The House Jan. 6 committee has tried to recruit high-profile journalists to write its report about the attack on the Capitol, hoping to build a narrative thriller that compels audiences and is a departure from government reports of yore.

Committee members and staffers are seeking to compile dramatic videos, texts and emails in a digital format that is easy to understand — and easy to share on social media. And they want to put together blockbuster televised hearings that the public actually tunes into, according to people with knowledge of the process who spoke on the condition of anonymity to speak candidly.

Their challenge: Making the public care deeply — and read hundreds of pages more — about an event that happened more than a year ago, and that many Americans feel they already understand.

They’ll attempt to do so this spring through public hearings, along with a potential interim report and a final report that will be published ahead of the November midterms — with the findings likely a key part of the Democrats midterm strategy.
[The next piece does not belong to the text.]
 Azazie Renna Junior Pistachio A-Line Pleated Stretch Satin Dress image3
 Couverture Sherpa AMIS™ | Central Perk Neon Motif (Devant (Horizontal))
They hope their recommendations to prevent another insurrection will be adopted, but also that their work willrepel voters from Republicans who they say helped propel the attack.

Democrats are widely expected to have a tough time in the upcoming midterm elections, with even some Democrats privately fearing a bloodbath.

Looming over lawmakers are a handful of high-profile government reports — some more recent than others — that provide a laundry list of lessons learned as the committee deliberates the best way to present its findings: the Senate Watergate Report, the 9/11 Commission Report, and special counsel Robert S. Mueller III’s report on Russian interference in the 2016 presidential election.